Dizia Nietzsche que, em geral, "quem vê mal, vê menos do que aquilo que há para ver; e quem ouve mal, ouve algo mais do que aquilo que há para ouvir". Daí poder-se-ia inferir muita coisa, como, no primeiro caso, enxergar o que não há e deixar de ver o que há. A hermenêutica poderia ser multiplicada. O fato é que, por essas vias, a convivência vai tropeçando. E disso que, com cariz literário, trata o texto a seguir.
Golconda, de René Magritte |
Por André J. Gomes
Seis da tarde. Na Hora do Ângelus, o trânsito no bairro nobre é um inferno. Pais e mães
entopem as ruas, estacionados em filas duplas, à espera de seus filhos nas
portas de escola. Executivos aceleram carrões rumo ao bar vaidoso para a happy
hour onde encontrarão outros executivos que ali também chegaram sozinhos,
pilotando cada um a sua máquina. Manadas de ônibus coletivos levando e trazendo
trabalhadores cansados, vendedores de doces, desempregados famintos, estudantes
otimistas e almas entregues avançam nervosos sobre os motoqueiros que costuram
o espaço entre os carros. O sol se foi mas o asfalto queima, os nervos fervem.
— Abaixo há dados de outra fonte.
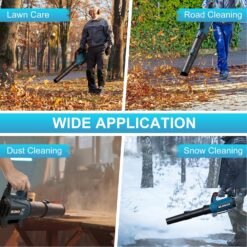 GROWORT Leaf Blower Cordless - 630CFM/160MPH, 21V Powerful Electric Cordless Leaf Blower with 2 x 4.0Ah Batteries and Charger
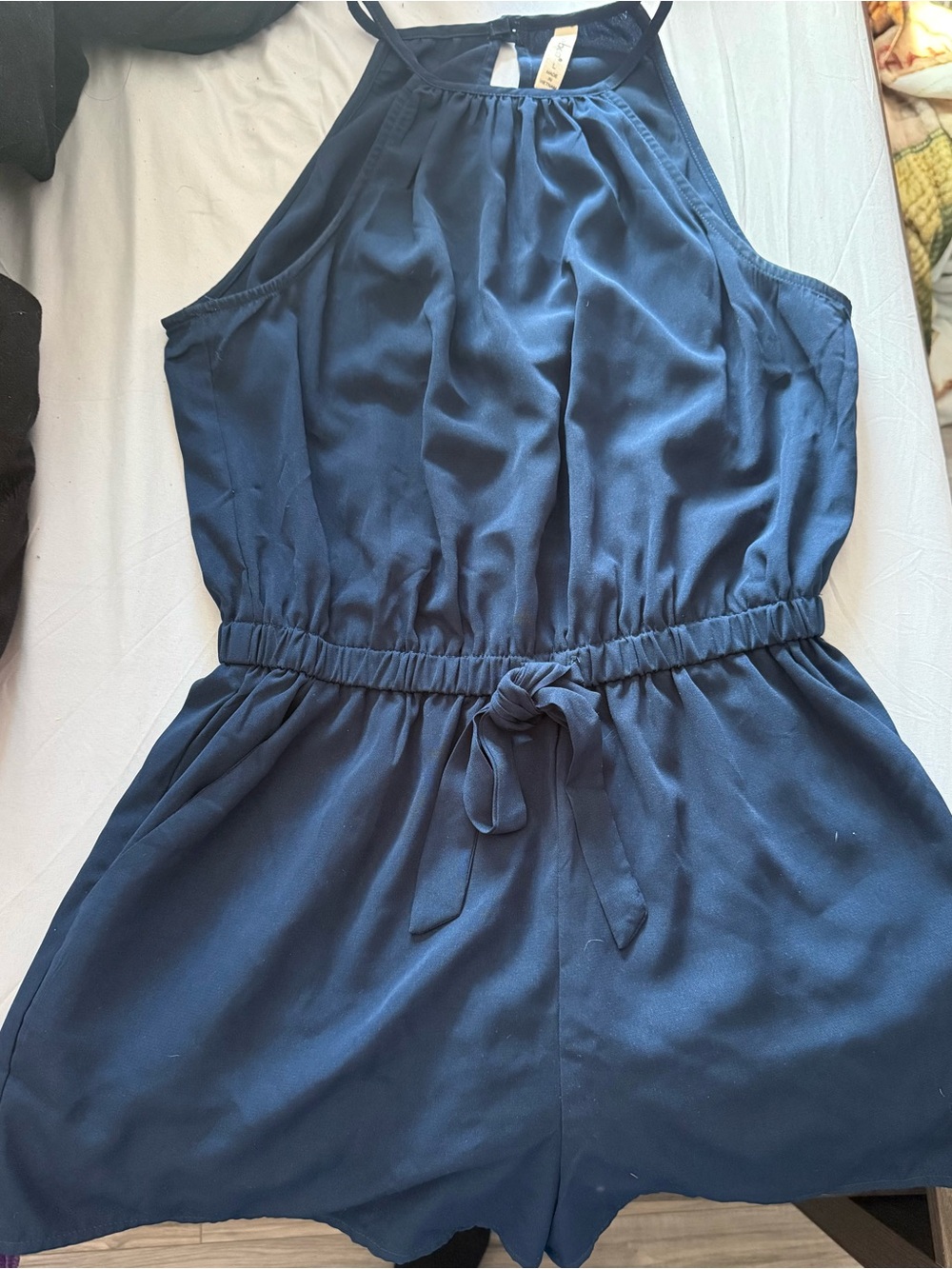 Navy Halter Neck Romper with Waist Tie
À certa altura, um motorista apressado “rouba” a frente
do carro que anda na faixa ao lado e o cidadão ultrapassado aperta a buzina,
dirigindo a seu oponente um gesto súbito.
“O que foi isso?”, pergunta a si mesmo o sujeito do carro
que tomou a frente. “Reclamando do quê, tartaruga? Quem mandou ir tão devagar?
Avanço mesmo!”
Pelo espelho retrovisor, ele observa seu colega de trás
que agita os braços, aponta-lhe o dedo, xinga-lhe do que ele não pode ouvir.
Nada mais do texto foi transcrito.